Work request:
Only the text of the entries below should be returned, exactly as given, without pictures.

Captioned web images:
++++++++

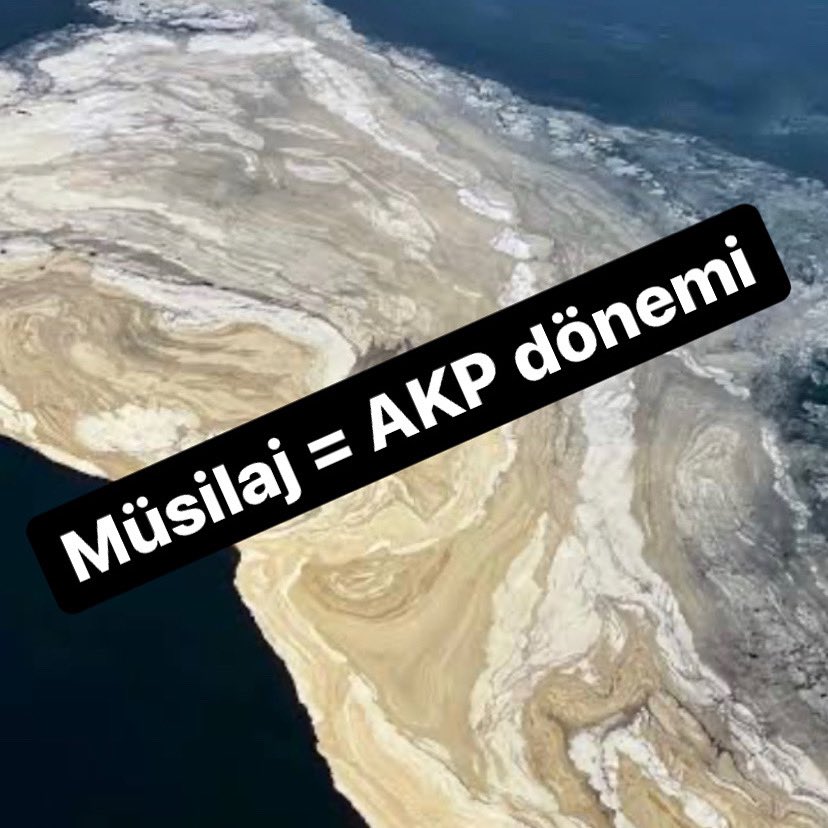 Müsilaj = AKP dönemi

SEDAT PEKER ŞOKU #sedatpeker10 #sedatpeker9 
#sedatpeker8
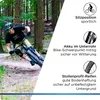 Zündapp XFS E-Mountainbike für Damen und Herren ab 170 cm E Produktbild-Vorschau 5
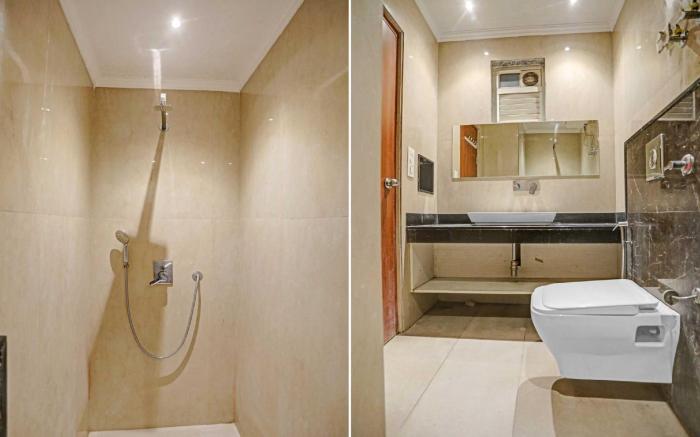 Hotel O Euro Near IGI Airport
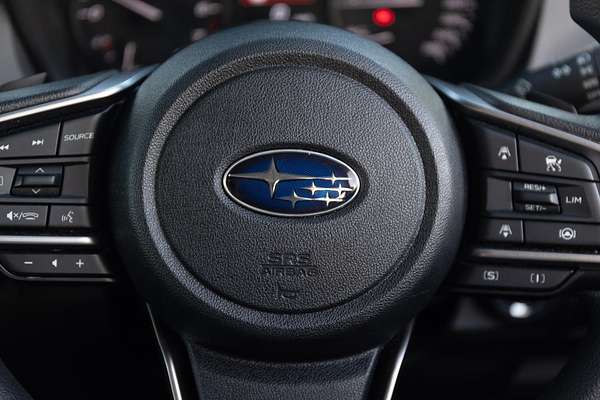 2024 Subaru Crosstrek 2.0L G6X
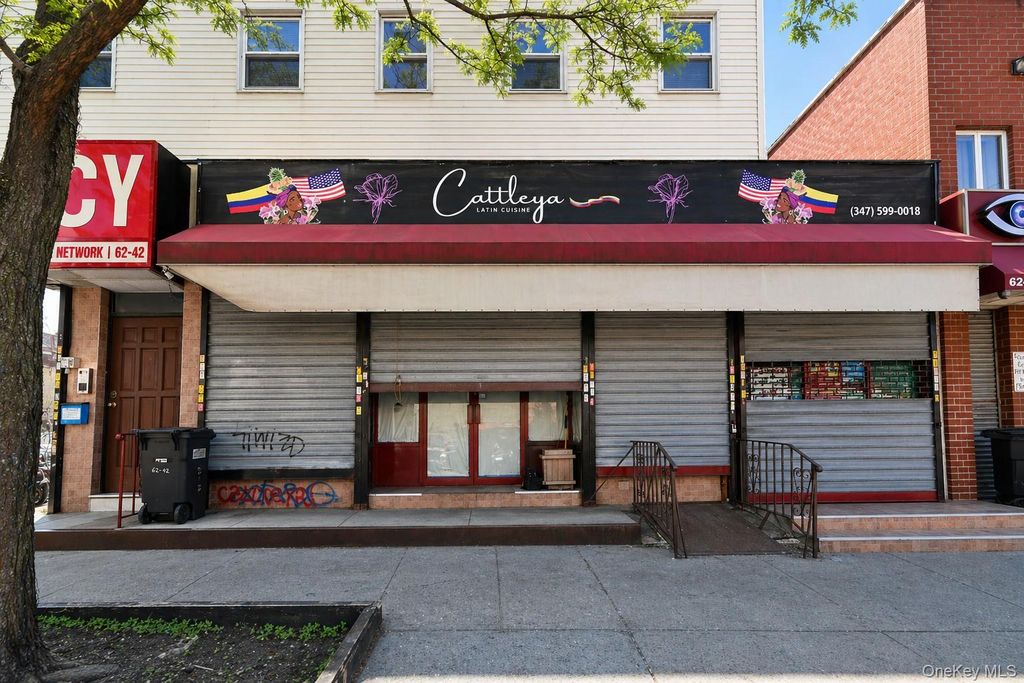 62-42 Forest Avenue, Ridgewood, NY 11385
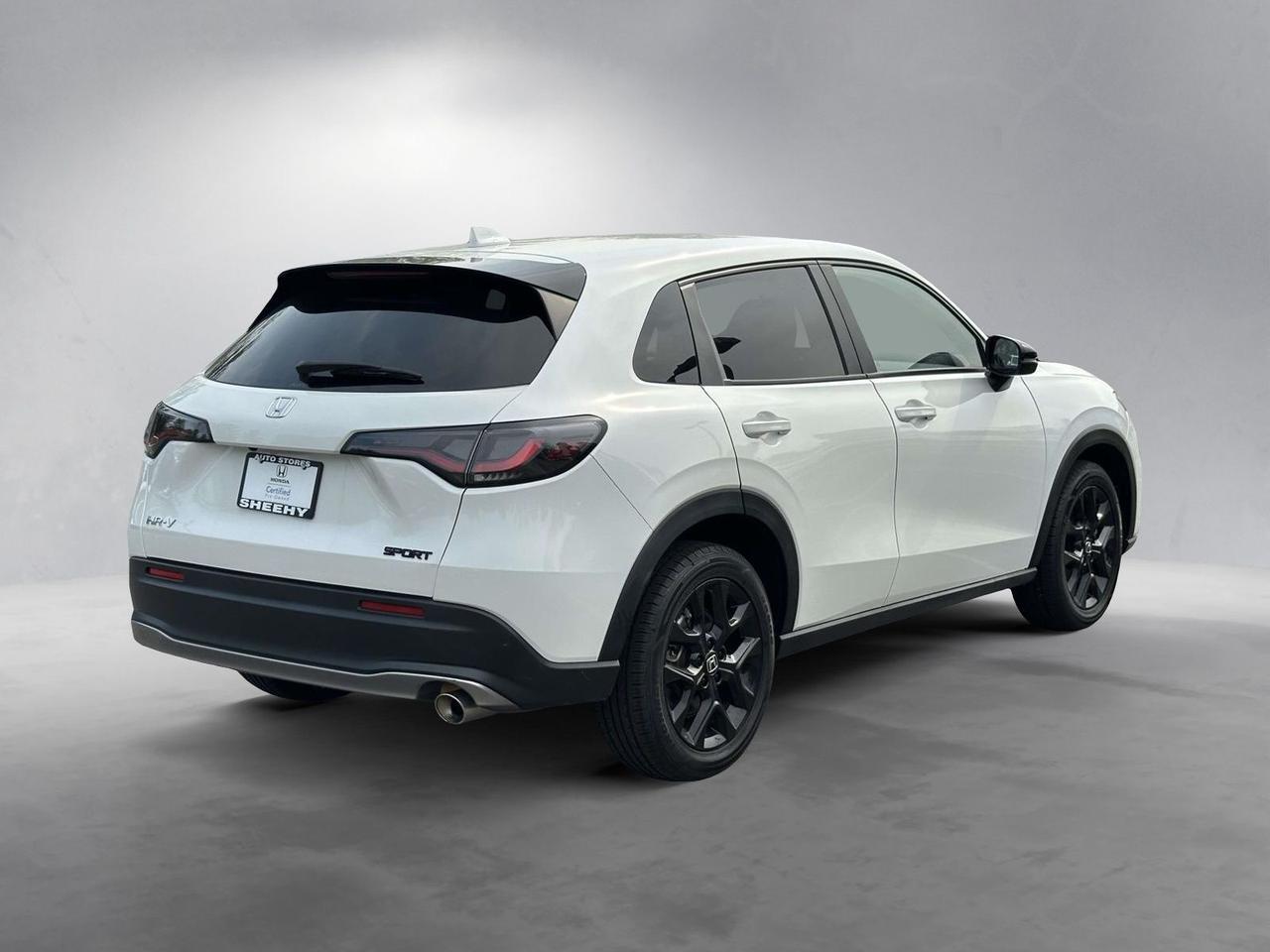 2023 Honda HR-V Sport Alexandria VA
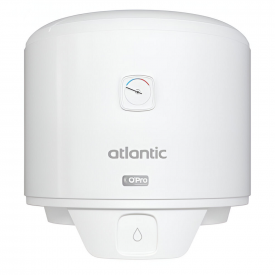 Бойлер Atlantic Opro Profi VM 030 D400S 1,2 кВт 30 л, мокрый ТЭН, вертикальный, белый (831252)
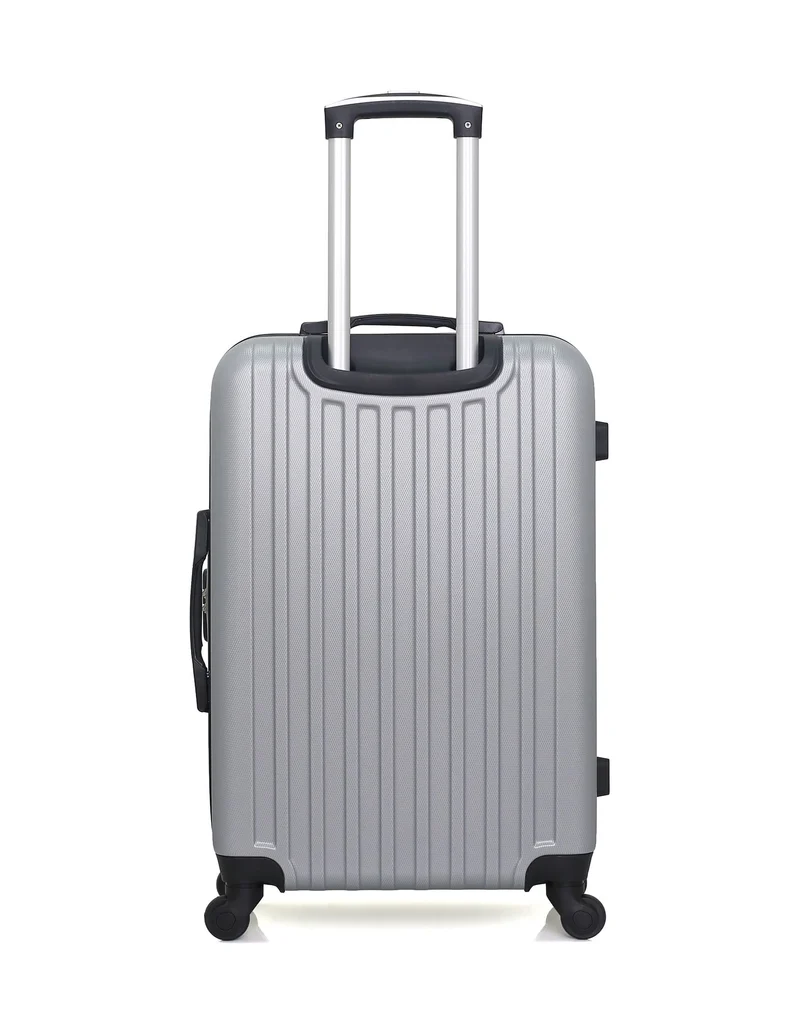 Lot de 3 Valises Rigides Moyenne, Cabine et Cabine XXS SPRINGFIELD
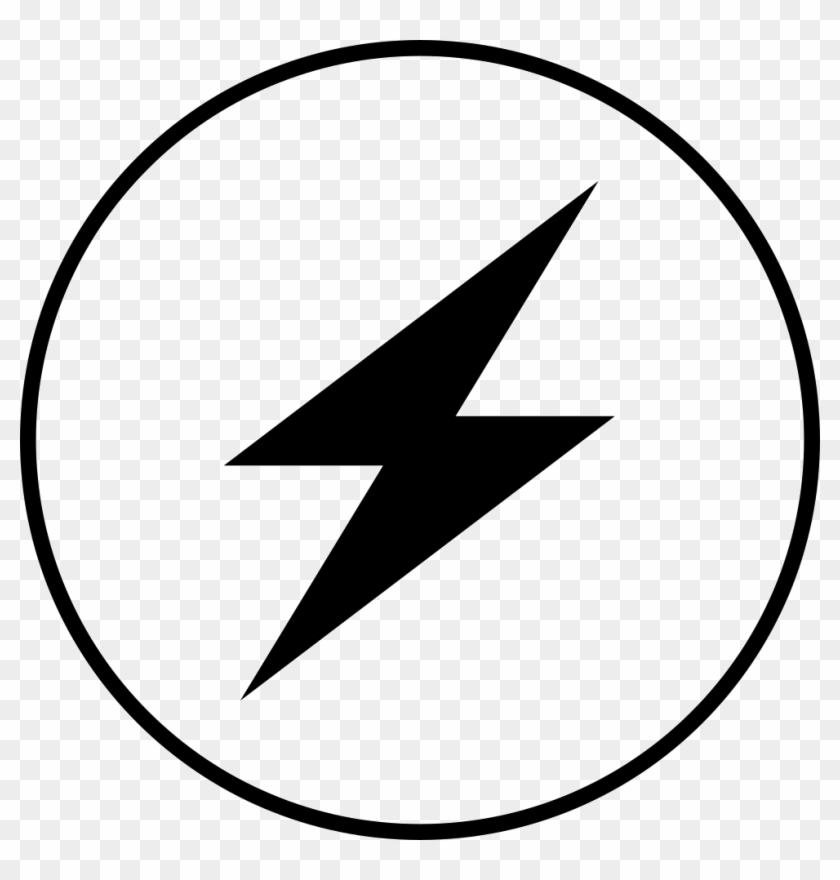 840x880 Energy Symbol Png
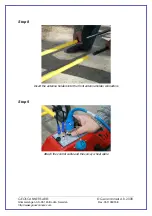 Preview for 5 page of Geoscanners AB GPR Quick Start Manual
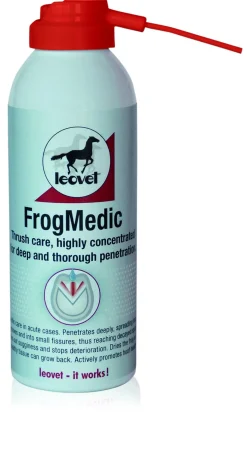 TOKLAT ORIGINALS Hoof Topicals|Leovet® FrogMedic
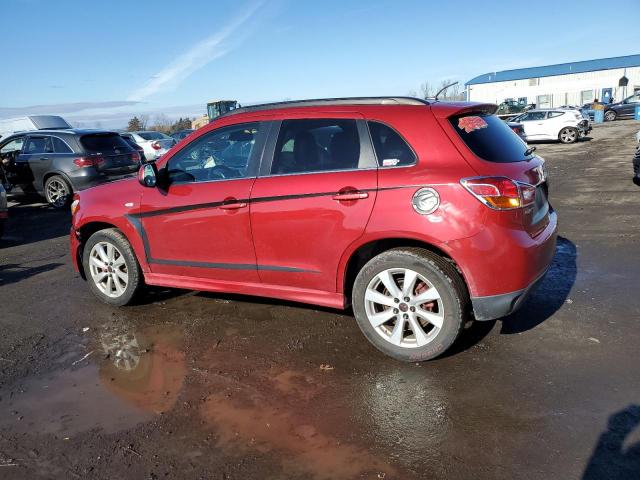 صورة رقم 2 من المزاد - 2013 MITSUBISHI OUTLANDER مع VIN 4A4AR4AU4DE014617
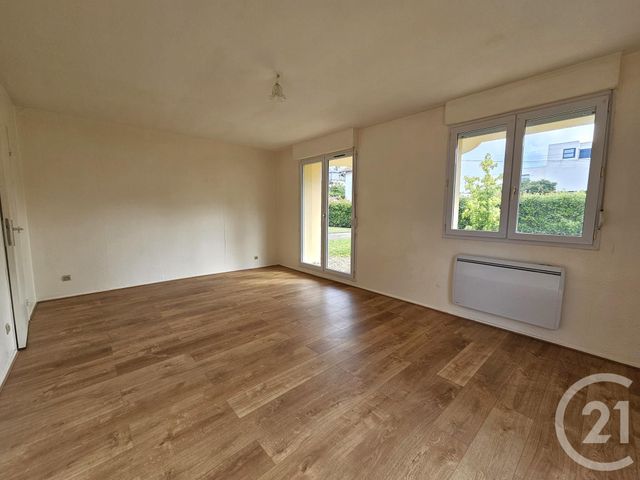 Appartement à vendre - 2 pièces - 49.47 m2 - METZ - 57 - LORRAINE - Century 21 Immo Val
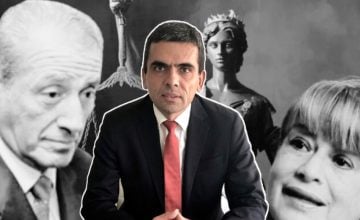 rebaja de la multa a Ponce Lerou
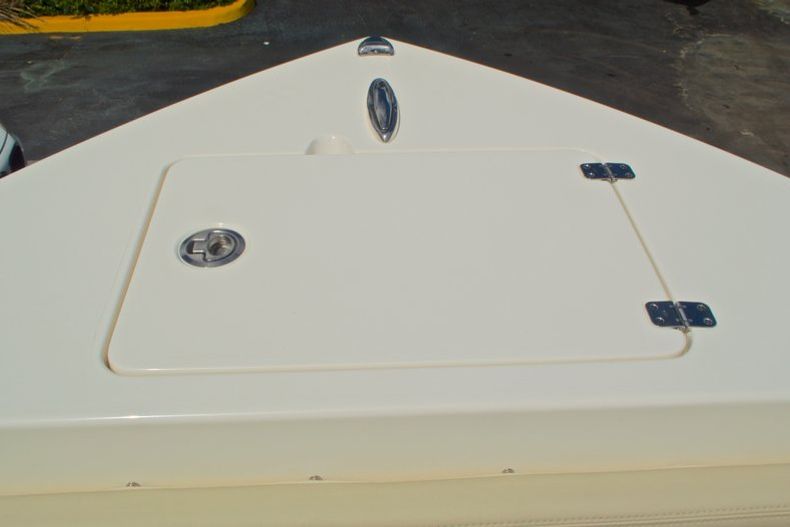Thumbnail 50 for New 2016 Cobia 220 Center Console boat for sale in Vero Beach, FL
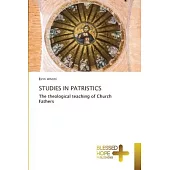 Studies in Patristics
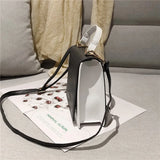 Women's Shoulder Bag Messenger Handbag Shopper Bag for Women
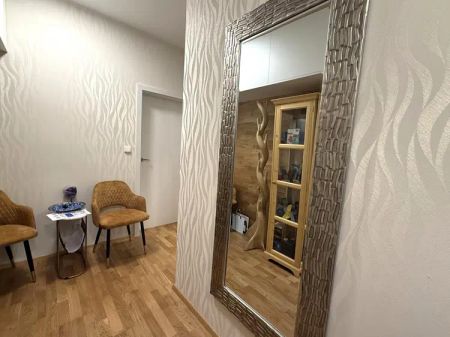 PRONÁJEM KRÁSNÉHO VYBAVENÉHO POKOJE SPOLU S PARKOVACÍM STÁNÍM V BRNĚ BYSTRCI - Fotografie 4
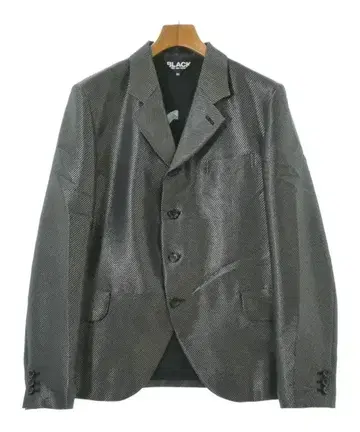 BLACK COMME des GARCONS 캐주얼 자켓 남성용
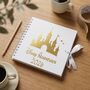 Personalised Disneyland Scrapbook Photo Album, thumbnail 4 of 9
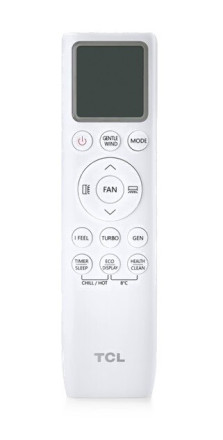 Сплит-система настенного типа TCL TACI-TP09INV/R/TACO-TP09INV/R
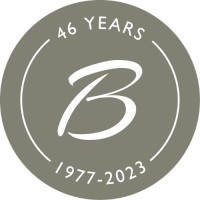 Bridgman logo - Similar company to Snug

++++++++

Answer for this exercise:
 Müsilaj = AKP dönemi

SEDAT PEKER ŞOKU #sedatpeker10 #sedatpeker9 
#sedatpeker8
 Zündapp XFS E-Mountainbike für Damen und Herren ab 170 cm E Produktbild-Vorschau 5
 Hotel O Euro Near IGI Airport
 2024 Subaru Crosstrek 2.0L G6X
 62-42 Forest Avenue, Ridgewood, NY 11385
 2023 Honda HR-V Sport Alexandria VA
 Бойлер Atlantic Opro Profi VM 030 D400S 1,2 кВт 30 л, мокрый ТЭН, вертикальный, белый (831252)
 Lot de 3 Valises Rigides Moyenne, Cabine et Cabine XXS SPRINGFIELD
 840x880 Energy Symbol Png
 Preview for 5 page of Geoscanners AB GPR Quick Start Manual
 TOKLAT ORIGINALS Hoof Topicals|Leovet® FrogMedic
 صورة رقم 2 من المزاد - 2013 MITSUBISHI OUTLANDER مع VIN 4A4AR4AU4DE014617
 Appartement à vendre - 2 pièces - 49.47 m2 - METZ - 57 - LORRAINE - Century 21 Immo Val
 rebaja de la multa a Ponce Lerou
Thumbnail 50 for New 2016 Cobia 220 Center Console boat for sale in Vero Beach, FL
 Studies in Patristics
 Women's Shoulder Bag Messenger Handbag Shopper Bag for Women
 PRONÁJEM KRÁSNÉHO VYBAVENÉHO POKOJE SPOLU S PARKOVACÍM STÁNÍM V BRNĚ BYSTRCI - Fotografie 4
 BLACK COMME des GARCONS 캐주얼 자켓 남성용
 Personalised Disneyland Scrapbook Photo Album, thumbnail 4 of 9
 Сплит-система настенного типа TCL TACI-TP09INV/R/TACO-TP09INV/R
 Bridgman logo - Similar company to Snug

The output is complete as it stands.